I spent hours today trying to create a simple yet relatively attractive icon for the Digest Handler in The GIMP today. It's nearly impossible. I've got to think Java's got a better way of doing this, but if I make an image that looks good when you alt-tab in Windows, it invariably looks horrible in the top left corner of your windows -- and vice versa. I've trashed the Clothify Script-Fu, and now I'm looking at trashing the text too and grabbing some shareware icon maker specifically for Windows. I'm pretty sure Windows XP allows you to use some pretty good looking icons that other versions of Windows don't, but this is a whole new can of worms. Icons in Mac OS X look great and are big enough it's a pretty easy task in that other OS. I finally told myself that I'm ready for the OS X-first launch (icon-wise, anyhow) and that I'll come back and do some Windows research later.

But what I did want to go on record about is the rumor that Apple is going to start charging for its iApps. Kudos. As I said a while back in my only blog that actually got titled, I want a good, fast, new Mac simply because of the user-friendliness of the iApps, specifically iDVD, iMovie, and iPhoto, but also iTunes and even, strangely enough, iChat. The apps are well made and easy to use without having ever touched a single user preferences panel; they just run a little too slowly on my 500 MHz iBook.

The iApps are good. Why should Microsoft get dough from people upgrading Office on their WinPCs (and Macs!) and Apple get nuttin' for its superior digital-hub supporting software suite? There's no reason for Apple to feel compelled to give the full versions to every Mac user. What do you get from the Office suite when you install Windows XP on a clean hard drive? That's right, folks, WordPad (aka, "Nothing"). Apple should be allowed to make money on their software, not just hardware, just like the only other commercial player in the desktop/home PC OS market.

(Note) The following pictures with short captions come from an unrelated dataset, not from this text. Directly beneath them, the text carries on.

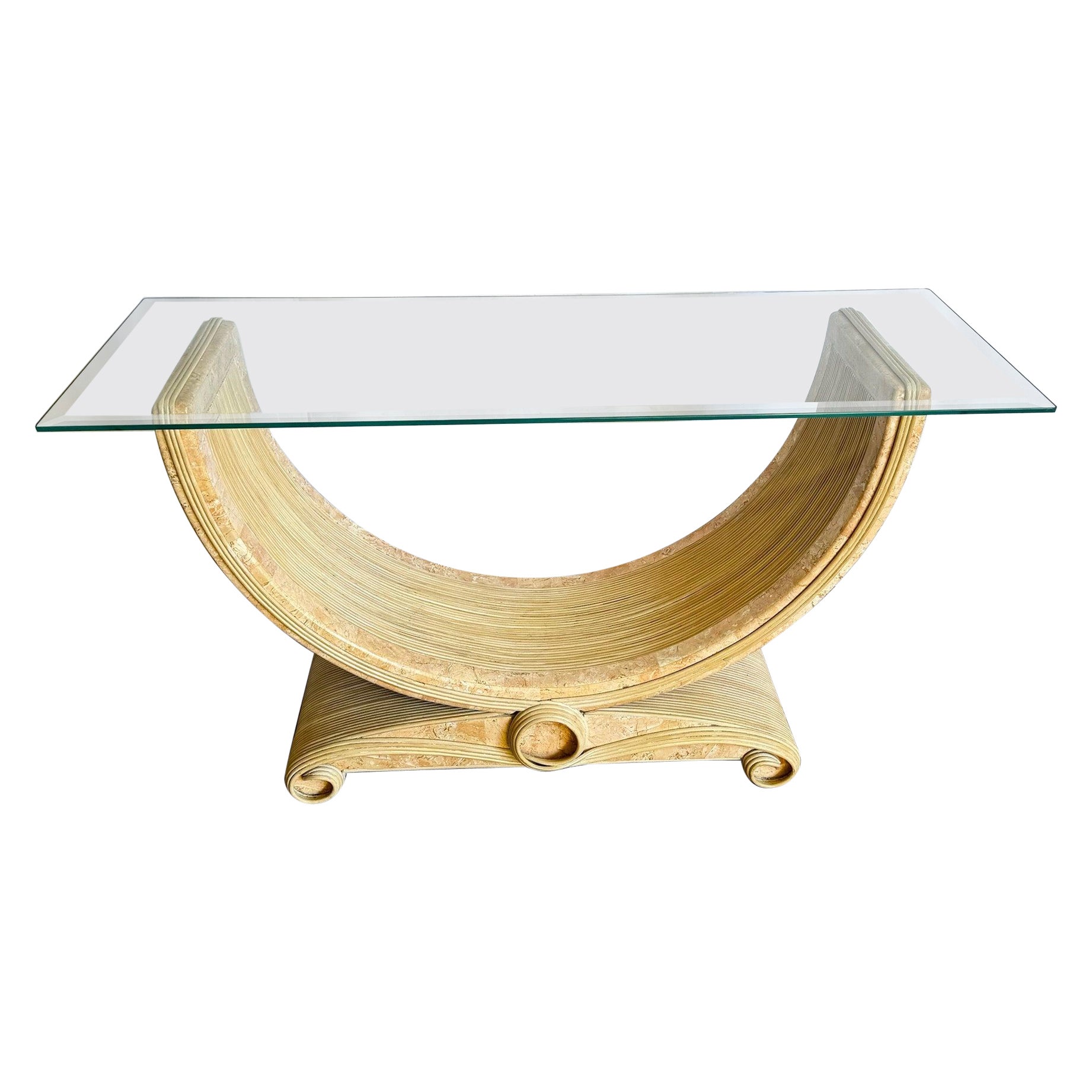 Boho Chic Pink Tessellated Stone and Pencil Reed Ribbon Glass Top Console Table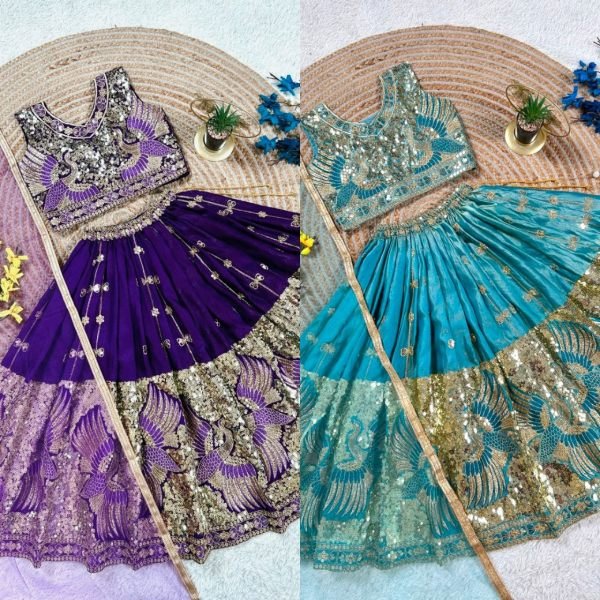 Turquoise Party Wear Sindur Silk Lehenga Choli with Designer Sequins Work Girls Wear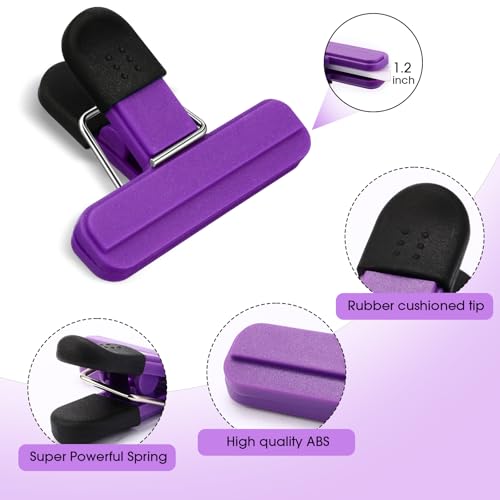 Image of Wonderjune 20 Pcs Chip Bag Clips Plastic Food Bag Clips with Heavy Duty, Heavy Seal Grip Food Clip for Snack Storage Home Office Back to School Supplies 3.07 x 2.56 x 1.46 Inch(Multicolor)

And not only will Apple make more money from software, this is going to sell more hardware. When I got my iBook, part of the savings, so to speak, was that it came with OS X. My old iMac didn't, and it was going to cost me $100 to upgrade. eBay the iMac, buy the new iBook I wanted anyhow, and it's like I saved $100. Now, when I think about upgrading again, I can put the $50 I would have thought about paying for upgraded iApps towards the price of a new tower in my head. Not exactly the best economics going on in my head, perhaps, but it makes me feel better about buying and makes me (and others, I'd imagine) pull the trigger on new Apple hardware more quickly.

I was pretty upset about iTools going to the "buy or bye" .Mac business model. What's the difference here? With .Mac, just to keep your @mac.com email address was going to cost you $100. How much trouble is it to forward mac.com email to a user's "real" account? Next to nothing. Apple would rather hang its users out to dry than make good on their implicit promise that buying Mac meant having this online home [for email, web pages, and other files]. But with the iApps, anyone with OS X gets a quite capable version of iMovie, iTunes, and friends. Do you need to update the iApps to use your Mac as a digital hub? Absolutely not. Apple's not asking you to pay to continue at the level of functionality you're already experiencing the way they did in a straight up chump move with .Mac.

Anyhow, charging for iApps is a good move. As one invited speaker said about the construction workers near where I used to work (we were a pretty enviro-friendly crowd, so construction workers =='d evil, give or take), "They're just trying to make a buck, bless their hearts." And so is Apple. I wish them the best.